Ainda segundo Svetla, a Casa Branca já assinou 169 acordos de compartilhamento de dados com 33 países, o Brasil entre eles, e organizações internacionais; 129 com parceiros comerciais (entre eles a SpaceX de Elon Musk e a Blue Origin de Jeff Bezos) e outros sete com instituições acadêmicas.

Embora a China também tenha parceiros – o mais importante é justamente a Rússia, que já foi a principal opositora de Washington – eles são em menor número e têm bem menos capacidades espaciais desenvolvidas.

Na última década, foram feitas seis tentativas de pouso lunar. Três delas, bem sucedidas, pela China que, inclusive, trouxe de volta à Terra amostras de solo, e outras três fracassadas, lideradas por Índia, Japão e Israel.

E mais: a China acaba de encerrar a construção de uma estação espacial, a Tiangong. A Estação Espacial Internacional (ISS), uma parceria dos EUA com outros 14 países, por sua vez, deve encerrar suas atividades em 2030, quando já estará com 32 anos.

Da ‘A Terra é azul’ ao ‘salto para a Humanidade’

Nos anos 1960 e 1970, a corrida espacial motivou as duas grandes potências, os EUA e a ex-União Soviética, a levarem o primeiro homem à Lua, como símbolo máximo do poderio bélico e tecnológico.

Por muito tempo, os soviéticos se mantiveram à frente. Em 12 de abril de 1961, a ex-URRS levou pela primeira vez um homem à órbita terrestre, o cosmonauta Iuri Gagarin (1934-1968) a bordo da espaçonave Vostok 1. É de autoria de Gagarin, o primeiro a ver nosso planeta do espaço, a famosa frase: “A Terra é azul”.

Os EUA só ultrapassariam a primazia soviética quase dez anos depois, em 20 de julho de 1969, quando pousaram uma missão tripulada na Lua, e mostraram ao vivo, pela TV, os primeiros passos de um homem (Neil Armstrong) em solo lunar: “Um salto para a Humanidade”.

“A primeira corrida espacial, entre EUA e a ex-URSS tinha um caráter diferente.
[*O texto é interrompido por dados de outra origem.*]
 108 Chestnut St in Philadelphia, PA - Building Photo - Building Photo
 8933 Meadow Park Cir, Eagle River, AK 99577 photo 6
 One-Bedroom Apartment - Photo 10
Naquela época, havia a tensão da bomba atômica, uma disputa bélica”, lembra o astrônomo João Eduardo da Fonseca, diretor do Planetário do Ibirapuera, em São Paulo. “Era uma questão de dizer: ‘se consigo colocar um homem na Lua e trazê-lo de volta à Terra em segurança, também consigo colocar um míssil na sua porta.”
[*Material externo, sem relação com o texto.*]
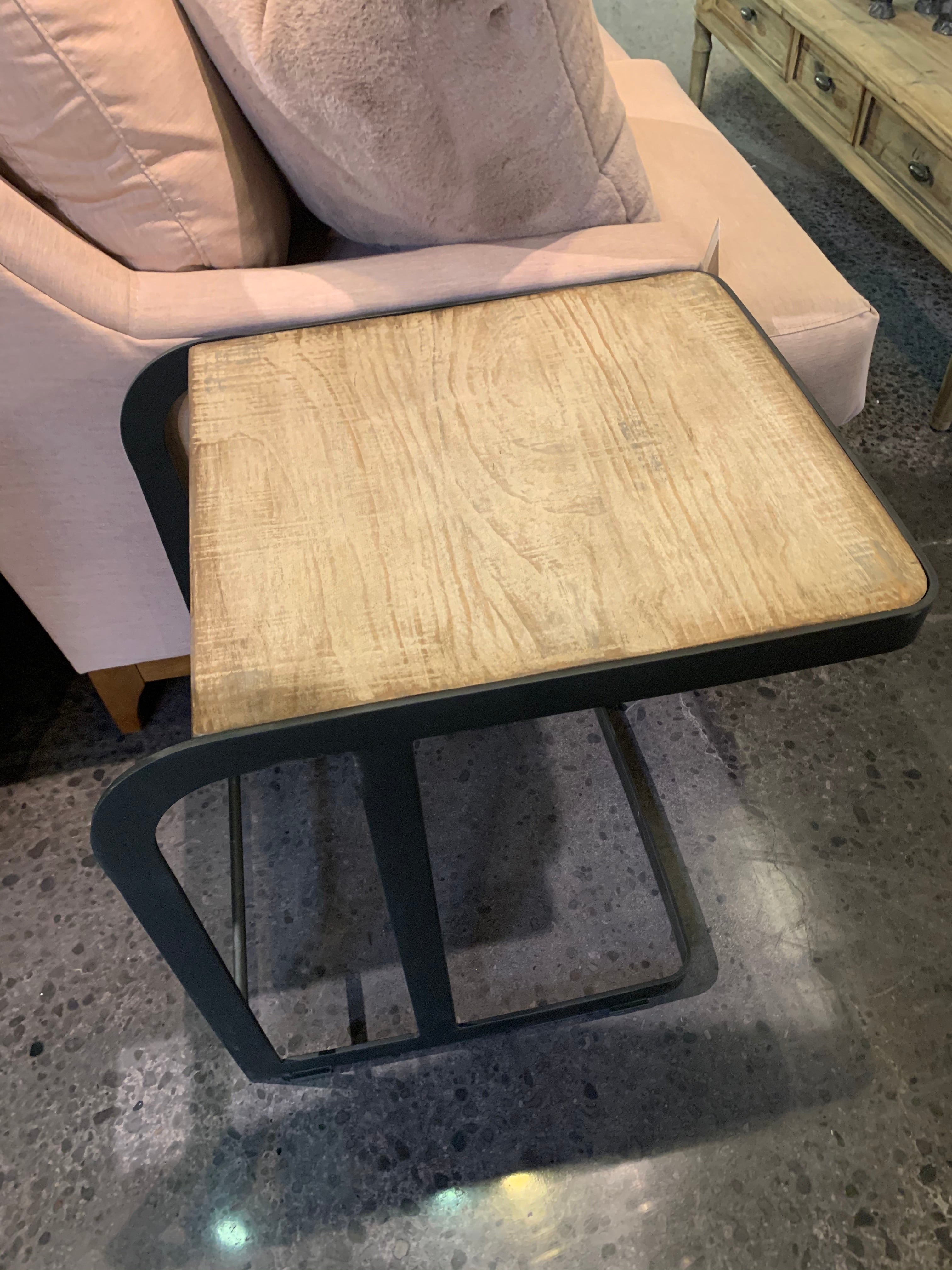 FALLON END TABLE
Era uma questão de dizer: ‘se consigo colocar um homem na Lua e trazê-lo de volta à Terra em segurança, também consigo colocar um míssil na sua porta.
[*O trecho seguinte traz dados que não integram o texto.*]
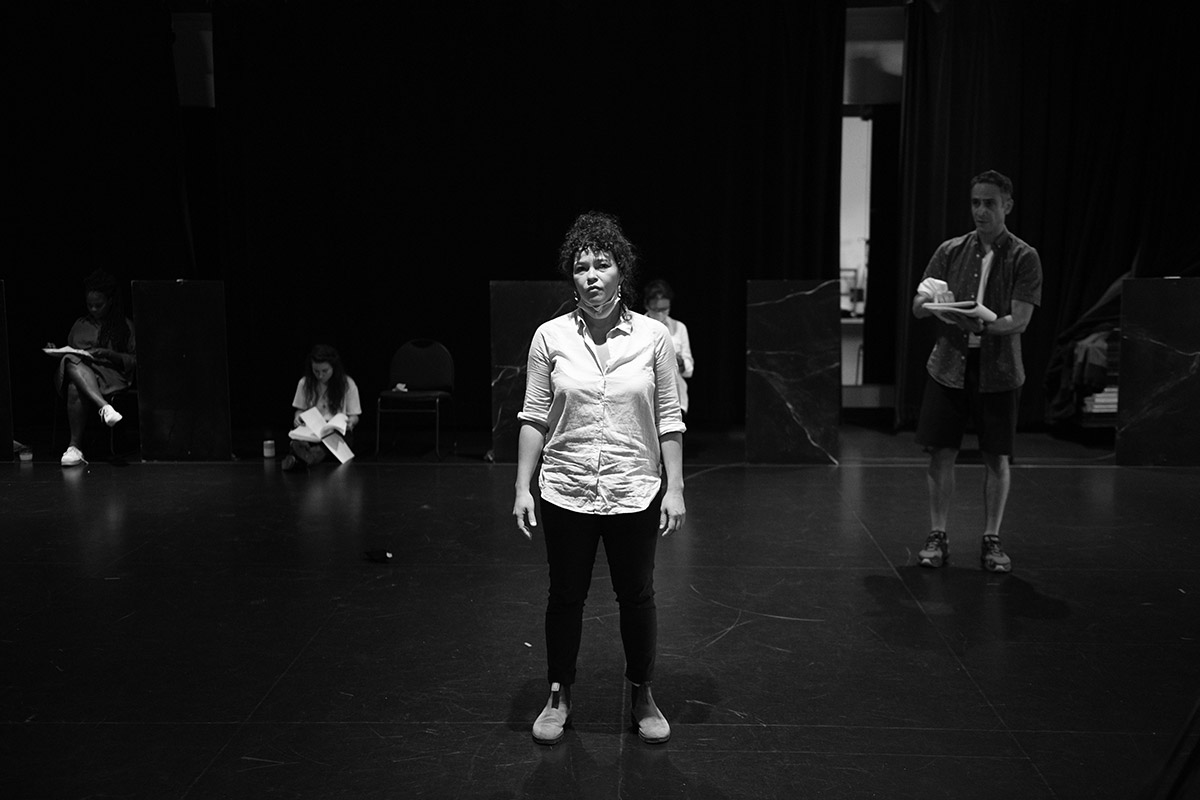 "A.L. : Les fleuves sont insaisissables. On peut y projeter ce que l'on souhaite. "
Entretien croisé entre Rébecca Déraspe et Annick Lefebvre

"Les Filles du Saint-Laurent" à voir du 4 au 21 novembre
plus d'infos : colline.fr/spectacles/les…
João Eduardo da Fonseca, diretor do Planetário do Ibirapuera, em São Paulo

A exploração lunar acabou sendo abandonada em 1972, quando a Nasa levou a última missão tripulada à Lua. Desde então, tanto os EUA quanto a Rússia vinham se dedicando a enviar sondas e robôs a outros planetas do Sistema Solar e a construir estações espaciais. Subitamente, mais de meio século depois, a atração pela Lua ressurgiu.

Mas por que a Lua entrou na moda de novo?

Do ponto de vista científico, a descoberta e a confirmação da existência de água congelada nos polos lunares, no início dos anos 2000, reacendeu esse interesse. A presença de uma fonte importante de oxigênio e hidrogênio deu às agências espaciais uma nova razão para explorar a Lua.

Um segundo fator, foi a ascensão do programa espacial chinês, que enviou uma série de missões bem sucedidas à Lua e, desde logo, anunciou seu interesse de levar taikonautas (como Pequim chama seus astronautas) ao satélite e, depois, a Marte.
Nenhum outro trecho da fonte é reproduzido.